Proposal

[ Up ] [ Proposal ] [ Current Status ] [ Previous Status ]

Security and Fault-tolerance of Mobile Code

Fred B. Schneider, Professor; Robbert van Renesse, Senior Research Associate; Greg Morrisett, Assistant Professor, Computer Science Department

Today, a single model is dominant in systems research: client and server processes that communicate using shared variables and/or message passing. We are investigating an alternative that is based on mobile processes or agents that migrate through a network. By structuring a system in terms of agents, applications can be constructed in which scarce resources (i.e., network bandwidth or local disk space) are conserved. This is because an agent can filter or otherwise reduce the data it reads, carrying only relevant information with it as it roams the network; there is rarely a need to transmit large amounts of raw data from one site to another. In contrast, when an application is built using only clients and servers, large quantities of raw data may have to be sent from one site to another if, for example, the client obtains its computing cycles from a different site than it obtains its data. In addition, the agent paradigm seems ideal for environments in which connectivity between sites is intermittent and network partitions are frequent (e.g., mobile clients). The TACOMA system provides operating-system support for agents written in a variety of languages. To date, a series of prototype TACOMA agent-support environments have been built, and used for problems such as gathering and visualizing Arctic weather data, providing matching between service providers and potential clients, interacting with users (i.e. active documents), and managing software installation in a network. Unlike agents written in Java, TACOMA agents can leave data behind at the sites they visit, as well as transport data from site to site.

The benefits of easily implemented computations that span multiple hosts must be tempered by the realization that: (i) computations must be protected from faulty or malicious hosts, the agent integrity problem, and (ii) hosts must be protected from faulty or malicious agents, the host integrity problem. A form of the agent integrity problem is present in today's distributed systems, since they also must tolerate faulty hosts and links. However, the number of hosts involved in a typical distributed computation today is modest compared to what we envisage when wide-spread support for agents becomes available. Fault-tolerance–on a much wider scale than we can now provide–is critical for success of this new paradigm, so this is one of the first problems we are attacking.

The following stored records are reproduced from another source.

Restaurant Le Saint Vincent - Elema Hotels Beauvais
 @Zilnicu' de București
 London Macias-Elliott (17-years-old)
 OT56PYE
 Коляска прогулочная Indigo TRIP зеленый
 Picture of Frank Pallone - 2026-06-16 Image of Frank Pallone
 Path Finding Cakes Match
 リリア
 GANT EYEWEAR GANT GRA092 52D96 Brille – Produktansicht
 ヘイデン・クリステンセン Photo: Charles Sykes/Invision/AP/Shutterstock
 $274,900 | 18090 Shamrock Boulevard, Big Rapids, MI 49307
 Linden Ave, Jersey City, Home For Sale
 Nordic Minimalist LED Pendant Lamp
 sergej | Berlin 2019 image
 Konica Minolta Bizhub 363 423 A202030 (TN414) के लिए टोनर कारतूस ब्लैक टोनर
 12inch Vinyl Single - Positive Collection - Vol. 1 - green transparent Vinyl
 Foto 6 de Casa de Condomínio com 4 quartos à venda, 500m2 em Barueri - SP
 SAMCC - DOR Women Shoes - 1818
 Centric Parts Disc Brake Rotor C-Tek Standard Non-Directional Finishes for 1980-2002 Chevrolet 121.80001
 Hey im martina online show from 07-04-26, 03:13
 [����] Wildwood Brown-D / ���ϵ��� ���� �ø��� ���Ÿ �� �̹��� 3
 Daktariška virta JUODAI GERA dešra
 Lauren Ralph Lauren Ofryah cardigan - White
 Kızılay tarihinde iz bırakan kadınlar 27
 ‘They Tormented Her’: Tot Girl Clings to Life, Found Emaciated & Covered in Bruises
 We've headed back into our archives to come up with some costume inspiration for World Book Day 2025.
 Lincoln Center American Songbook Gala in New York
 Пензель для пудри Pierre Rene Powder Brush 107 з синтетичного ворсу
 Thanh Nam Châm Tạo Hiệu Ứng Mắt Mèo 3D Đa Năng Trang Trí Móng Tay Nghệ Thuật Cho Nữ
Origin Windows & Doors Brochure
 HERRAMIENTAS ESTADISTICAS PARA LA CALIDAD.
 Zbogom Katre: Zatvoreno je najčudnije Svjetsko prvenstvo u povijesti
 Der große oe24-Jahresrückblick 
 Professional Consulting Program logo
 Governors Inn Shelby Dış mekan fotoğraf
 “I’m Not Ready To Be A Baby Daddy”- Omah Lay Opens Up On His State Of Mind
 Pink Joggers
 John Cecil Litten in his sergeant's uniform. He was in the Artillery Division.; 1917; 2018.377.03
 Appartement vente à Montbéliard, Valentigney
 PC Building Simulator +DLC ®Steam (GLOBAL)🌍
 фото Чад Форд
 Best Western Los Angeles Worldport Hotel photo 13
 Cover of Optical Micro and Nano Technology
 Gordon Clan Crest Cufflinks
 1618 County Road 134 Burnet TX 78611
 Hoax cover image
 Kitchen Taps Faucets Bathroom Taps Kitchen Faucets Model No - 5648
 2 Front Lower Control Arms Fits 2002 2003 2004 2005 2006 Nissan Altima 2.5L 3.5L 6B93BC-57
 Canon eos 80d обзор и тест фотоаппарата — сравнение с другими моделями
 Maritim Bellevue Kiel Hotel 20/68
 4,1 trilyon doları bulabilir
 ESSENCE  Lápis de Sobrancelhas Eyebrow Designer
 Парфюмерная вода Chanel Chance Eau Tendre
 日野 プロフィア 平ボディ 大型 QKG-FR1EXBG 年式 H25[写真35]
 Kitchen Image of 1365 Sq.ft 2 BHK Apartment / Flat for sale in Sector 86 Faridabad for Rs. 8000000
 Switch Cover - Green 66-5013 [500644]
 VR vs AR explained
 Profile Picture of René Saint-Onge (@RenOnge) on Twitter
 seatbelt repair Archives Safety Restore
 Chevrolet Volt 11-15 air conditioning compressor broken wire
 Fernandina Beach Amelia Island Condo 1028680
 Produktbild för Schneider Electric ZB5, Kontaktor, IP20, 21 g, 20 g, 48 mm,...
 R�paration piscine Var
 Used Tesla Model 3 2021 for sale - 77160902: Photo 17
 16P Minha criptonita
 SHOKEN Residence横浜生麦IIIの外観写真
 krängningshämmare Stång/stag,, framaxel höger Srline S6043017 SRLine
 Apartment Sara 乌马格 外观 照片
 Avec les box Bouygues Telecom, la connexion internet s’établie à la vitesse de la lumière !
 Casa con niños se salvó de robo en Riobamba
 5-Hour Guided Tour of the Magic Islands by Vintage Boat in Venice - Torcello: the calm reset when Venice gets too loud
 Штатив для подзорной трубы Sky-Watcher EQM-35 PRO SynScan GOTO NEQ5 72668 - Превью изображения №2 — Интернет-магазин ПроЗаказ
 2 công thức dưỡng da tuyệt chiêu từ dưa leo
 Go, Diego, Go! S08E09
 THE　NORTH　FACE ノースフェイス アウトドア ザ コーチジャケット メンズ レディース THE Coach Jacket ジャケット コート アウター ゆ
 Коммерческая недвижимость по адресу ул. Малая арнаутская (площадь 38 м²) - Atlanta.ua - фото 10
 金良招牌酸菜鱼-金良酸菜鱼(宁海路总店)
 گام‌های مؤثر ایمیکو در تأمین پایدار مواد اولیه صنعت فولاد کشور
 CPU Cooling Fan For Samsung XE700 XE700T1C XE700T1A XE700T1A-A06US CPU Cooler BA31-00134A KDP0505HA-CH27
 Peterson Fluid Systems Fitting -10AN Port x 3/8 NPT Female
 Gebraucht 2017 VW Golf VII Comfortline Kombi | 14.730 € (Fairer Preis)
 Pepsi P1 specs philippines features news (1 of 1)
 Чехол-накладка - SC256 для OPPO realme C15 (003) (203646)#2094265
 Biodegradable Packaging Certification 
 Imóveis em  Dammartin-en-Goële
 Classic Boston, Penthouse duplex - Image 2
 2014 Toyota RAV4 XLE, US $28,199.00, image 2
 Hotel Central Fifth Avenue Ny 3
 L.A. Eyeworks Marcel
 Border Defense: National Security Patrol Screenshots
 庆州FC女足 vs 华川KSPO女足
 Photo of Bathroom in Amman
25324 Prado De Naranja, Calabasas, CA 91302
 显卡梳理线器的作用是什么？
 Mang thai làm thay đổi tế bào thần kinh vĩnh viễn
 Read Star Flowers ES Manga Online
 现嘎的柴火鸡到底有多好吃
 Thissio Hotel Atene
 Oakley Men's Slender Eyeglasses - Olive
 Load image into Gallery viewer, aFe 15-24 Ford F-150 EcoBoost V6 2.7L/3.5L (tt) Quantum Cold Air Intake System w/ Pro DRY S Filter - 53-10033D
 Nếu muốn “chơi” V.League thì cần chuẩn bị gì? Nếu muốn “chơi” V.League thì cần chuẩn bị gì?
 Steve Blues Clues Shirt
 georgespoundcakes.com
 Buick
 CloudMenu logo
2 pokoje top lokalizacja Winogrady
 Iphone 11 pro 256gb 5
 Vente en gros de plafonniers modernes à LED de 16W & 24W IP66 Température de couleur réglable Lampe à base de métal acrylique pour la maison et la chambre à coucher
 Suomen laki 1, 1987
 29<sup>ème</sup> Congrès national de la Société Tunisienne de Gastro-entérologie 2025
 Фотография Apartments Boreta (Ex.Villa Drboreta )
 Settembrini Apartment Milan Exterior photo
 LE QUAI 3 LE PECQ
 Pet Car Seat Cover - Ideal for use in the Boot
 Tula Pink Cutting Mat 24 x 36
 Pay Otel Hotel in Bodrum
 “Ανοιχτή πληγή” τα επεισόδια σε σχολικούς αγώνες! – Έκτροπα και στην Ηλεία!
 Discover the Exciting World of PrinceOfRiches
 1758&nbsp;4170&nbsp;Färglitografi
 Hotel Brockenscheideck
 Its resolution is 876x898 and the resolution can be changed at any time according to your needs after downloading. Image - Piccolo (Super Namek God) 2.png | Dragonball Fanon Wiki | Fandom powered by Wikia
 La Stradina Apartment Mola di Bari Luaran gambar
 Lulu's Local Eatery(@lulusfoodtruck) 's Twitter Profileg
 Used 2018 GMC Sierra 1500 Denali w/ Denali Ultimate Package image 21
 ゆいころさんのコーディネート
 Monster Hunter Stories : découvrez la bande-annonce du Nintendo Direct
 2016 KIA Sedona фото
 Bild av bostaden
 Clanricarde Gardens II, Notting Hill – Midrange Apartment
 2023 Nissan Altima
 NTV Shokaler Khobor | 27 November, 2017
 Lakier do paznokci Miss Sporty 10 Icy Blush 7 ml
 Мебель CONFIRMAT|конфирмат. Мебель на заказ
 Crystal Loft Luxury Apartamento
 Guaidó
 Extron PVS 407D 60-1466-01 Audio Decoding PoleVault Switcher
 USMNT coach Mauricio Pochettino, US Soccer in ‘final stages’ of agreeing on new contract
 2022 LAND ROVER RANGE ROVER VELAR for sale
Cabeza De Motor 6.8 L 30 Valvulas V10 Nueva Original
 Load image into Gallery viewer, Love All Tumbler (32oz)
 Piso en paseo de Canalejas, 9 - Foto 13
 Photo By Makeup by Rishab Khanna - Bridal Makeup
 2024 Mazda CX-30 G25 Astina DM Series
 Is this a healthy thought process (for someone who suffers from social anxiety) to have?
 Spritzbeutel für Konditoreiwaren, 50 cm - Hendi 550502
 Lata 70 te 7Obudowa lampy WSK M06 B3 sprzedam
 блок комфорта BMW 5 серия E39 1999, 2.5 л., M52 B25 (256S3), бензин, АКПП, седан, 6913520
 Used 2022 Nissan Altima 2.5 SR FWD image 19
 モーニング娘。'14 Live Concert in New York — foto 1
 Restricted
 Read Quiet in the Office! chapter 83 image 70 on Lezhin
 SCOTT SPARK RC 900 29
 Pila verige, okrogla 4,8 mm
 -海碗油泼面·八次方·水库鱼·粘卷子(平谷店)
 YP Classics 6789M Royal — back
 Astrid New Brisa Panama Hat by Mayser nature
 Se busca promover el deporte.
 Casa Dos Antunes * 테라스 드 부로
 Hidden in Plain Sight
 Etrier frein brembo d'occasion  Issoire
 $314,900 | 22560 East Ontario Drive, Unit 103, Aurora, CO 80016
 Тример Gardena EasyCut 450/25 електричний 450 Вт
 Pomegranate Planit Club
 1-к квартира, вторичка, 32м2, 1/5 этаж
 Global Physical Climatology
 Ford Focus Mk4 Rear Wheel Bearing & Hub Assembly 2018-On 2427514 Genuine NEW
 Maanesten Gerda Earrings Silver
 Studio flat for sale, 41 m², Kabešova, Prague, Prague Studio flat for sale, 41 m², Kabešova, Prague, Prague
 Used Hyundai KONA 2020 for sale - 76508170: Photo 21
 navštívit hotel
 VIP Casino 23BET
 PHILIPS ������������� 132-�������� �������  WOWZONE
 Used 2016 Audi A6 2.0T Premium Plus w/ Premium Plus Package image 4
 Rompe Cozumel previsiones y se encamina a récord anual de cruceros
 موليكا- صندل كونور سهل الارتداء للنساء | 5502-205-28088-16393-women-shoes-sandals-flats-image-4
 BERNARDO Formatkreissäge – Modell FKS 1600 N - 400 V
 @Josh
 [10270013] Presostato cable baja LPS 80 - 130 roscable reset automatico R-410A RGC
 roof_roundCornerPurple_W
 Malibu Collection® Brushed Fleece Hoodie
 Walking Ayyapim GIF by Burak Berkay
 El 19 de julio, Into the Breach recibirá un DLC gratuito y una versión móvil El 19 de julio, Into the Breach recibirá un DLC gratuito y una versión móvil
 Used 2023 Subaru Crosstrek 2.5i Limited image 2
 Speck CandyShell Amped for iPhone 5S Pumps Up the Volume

We are currently investigating a new approach to the host integrity problem–one that combines the best aspects of previous approaches and, therefore, supports both integrity and high performance. The fundamental idea is to break compilation into a sequence of stages that operate on both code and proofs of type-correctness. Each compilation stage takes as input a program in one language and produces an equivalent program in a (possibly) lower-level language. Furthermore, each stage produces a proof in some logic that the stage's output is type-correct. In practice, this proof will appear as a set of annotations on the output code. Subsequent stages can then verify and use the proofs from their predecessors in producing their output code and proofs. Only when a stage is unable to prove that its input is type-correct will it insert the kinds of dynamic type checks that are currently used to ensure integrity.

Ensemble Groupware System

Ken Birman, Professor; Robbert van Renesse, Senior Research Associate, Computer Science Department

Cornell's Horus research project is developing a new generation of groupware communication tools. This effort seeks to introduce guarantees such as reliability, high availability, fault-tolerance, consistency, security and real-time responsiveness into applications that run on modern networks. Our approach is to focus on what we call process group communication structures. These arise in many settings involving cluster-style computing, scalable servers, groupware and conferencing, distributed systems management, fault-tolerance and other execution guarantees, replicated data or computing, distributed coordination or control, and so forth. Group computing has been employed successfully in a great variety of real-world settings. Our emphasis is on the underlying communication systems support for this model, on simplifying and standardizing the interfaces within our support environment, and on making the model as transparent (and hence as easy to use) as possible.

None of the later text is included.